6 385 miles away from Ottawa, in the middle of the Society archipelago, is a hidden jewel: Bora Bora, the Pearl of the Pacific ocean. Famous for its lush nature and blue lagoon, this tiny island has just a surface area of 24 mi²: 5 mi long and 3 mi large. Small in size but great in fame. Called “Mai te pora”, the island created by Gods, Bora Bora only counts 10 600 inhabitants but enjoys a tremendous success worldwide.
Bora Bora’s geology
Located 158 miles to the Northwest of Tahiti, Pora Pora, as it used to be referred to, is the “first born”. Created from a former volcano, the island is made of a basaltic range which offers an impressive landscape. The Mont Otemanu, its highest peak, is about 727m high. It overlooks the ocean and makes Bora Bora look like the perfect postcard everyone thinks about when speaking of Polynesia.
Made of several motu, these islets spread over the lagoon, Bora Bora is protected from the swell thanks to the coral reef. Everyday, dozens of cargos cross the Teavanui pass, the only opening over the ocean, to supply both shops and resorts with goods.
Nowadays, most of the islets have been bought by well-known hotel chains but some of them remain accessible for excursions. The most famous are probably the Tapu motu, the Tevairoa motu, the Mute motu, the Tane motu or even the Toopua one, to mention but a few.
Besides, the island of Bora Bora counts three bays: the Faanui bay to the Northwest, the Povai Bay – also called the Tuuraapuo Bay – to the South-East and the Hitiaa bay to the North-East.
The History of Bora Bora
If Bora Bora is so prized, it is partly due to its historical heritage. The island indeed used to be the American supply outpost during World War II. Intended to supply the South Pacific fleet, the island was equipped with an oil warehouse, a landing runway, a seaplane base and cannons.

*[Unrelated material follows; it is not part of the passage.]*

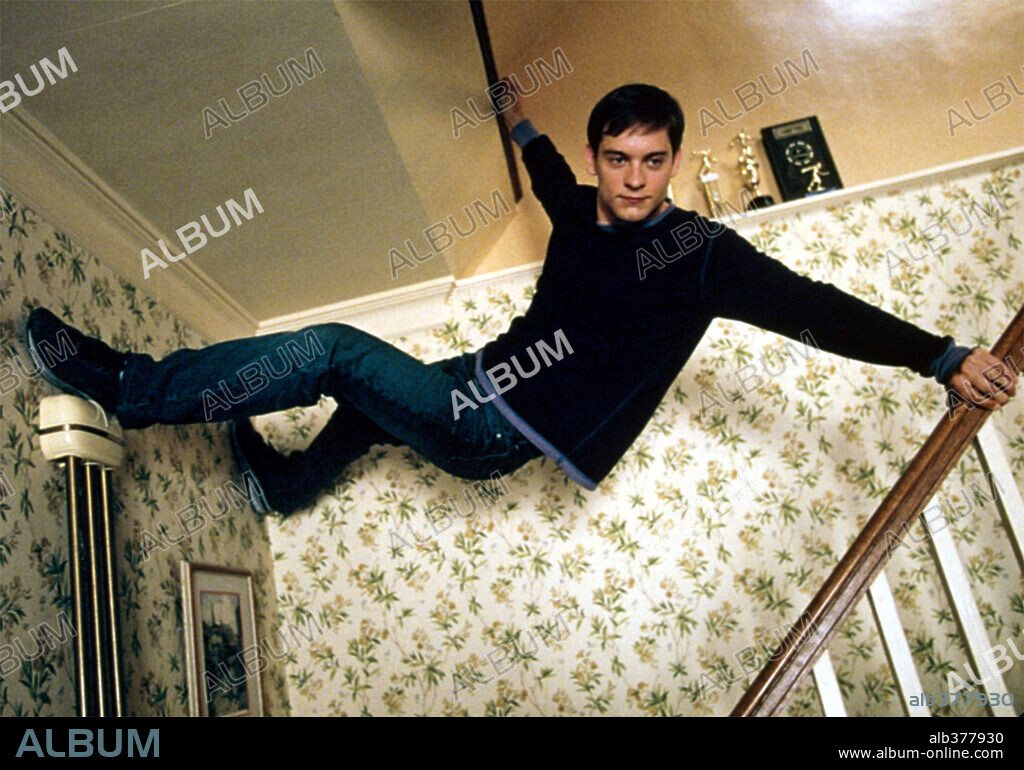 TOBEY MAGUIRE en SPIDERMAN, 2002 (SPIDER-MAN), dirigida por SAM RAIMI. Copyright COLUMBIA PICTURES/MARVEL ENTERTAINMENT / ROSENTHAL, ZADE.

When the war was over, soldiers left the island and kept the memories of a wild and isolated Eden with them. Their stories contributed to the current myth surrounding this small piece of land. And now, even though only a few can place the island on a world map, many have heard about it.
Beside tourists, Bora Bora is particularly appreciated by locals, mainly because it is easily accessible.
Located 12,4 miles to the North-West of Taha’a and 32 miles away from the no less interesting Maupiti, Bora Bora is daily served by public transport within the Raromatai islands and enjoys a great air service.
How to get to Bora Bora
How long is the flight to Bora Bora ?
International flights used to land in Bora Bora, nowadays if you want to go there, it is necessary to take off from the Tahiti-Faa’a airport. Every day, 50min direct flights lead you there, count about 1h30 if there is a stopover.
The Bora Bora airport is located on an islet which turns out to be a few minutes away from the main island: “Motu Mute”. From there, a boat shuttle drives you to the hotel of your choice or to the Vaitape port.
If you are not into air transport, you can jump in a boat departing from Raiatea for instance and take some time to gaze at the lagoon.